* Provided entries:
/---

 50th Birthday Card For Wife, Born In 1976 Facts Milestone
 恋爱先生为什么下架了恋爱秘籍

\---
/---

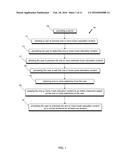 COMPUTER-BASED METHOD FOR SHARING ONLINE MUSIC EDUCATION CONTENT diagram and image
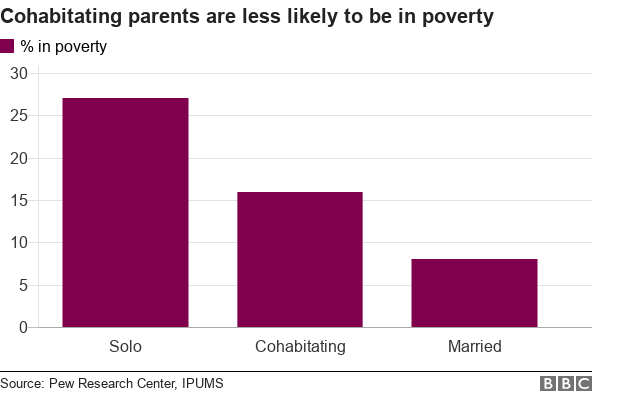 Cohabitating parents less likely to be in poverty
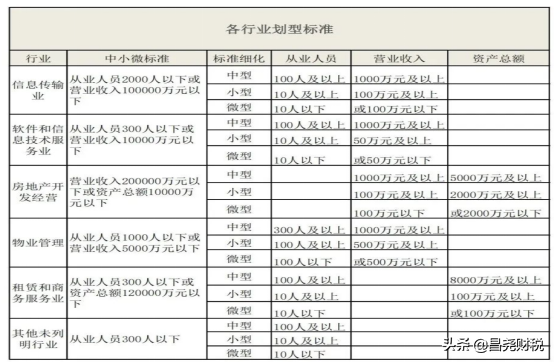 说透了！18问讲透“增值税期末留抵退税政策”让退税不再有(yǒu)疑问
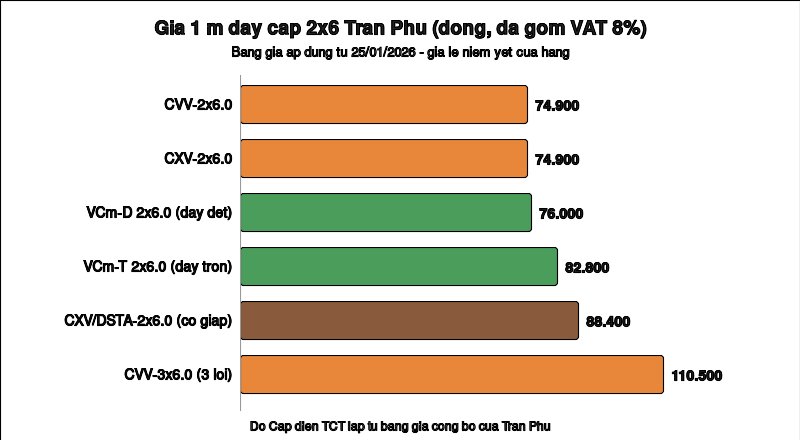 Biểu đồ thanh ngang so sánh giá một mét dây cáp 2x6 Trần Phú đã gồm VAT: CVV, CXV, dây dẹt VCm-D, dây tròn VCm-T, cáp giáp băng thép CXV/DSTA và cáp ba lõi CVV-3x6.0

\---
/---

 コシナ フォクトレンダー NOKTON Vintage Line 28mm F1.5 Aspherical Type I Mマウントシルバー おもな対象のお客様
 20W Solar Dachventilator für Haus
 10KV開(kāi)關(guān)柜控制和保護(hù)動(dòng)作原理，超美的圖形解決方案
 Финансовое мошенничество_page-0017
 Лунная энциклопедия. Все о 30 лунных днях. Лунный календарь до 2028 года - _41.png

\---

Start with the line above that contains "50th Birthday Card" and stop after the line that contains "恋爱先生为什么下架了恋爱秘籍". Output those lines exactly, and only those.

 50th Birthday Card For Wife, Born In 1976 Facts Milestone
 恋爱先生为什么下架了恋爱秘籍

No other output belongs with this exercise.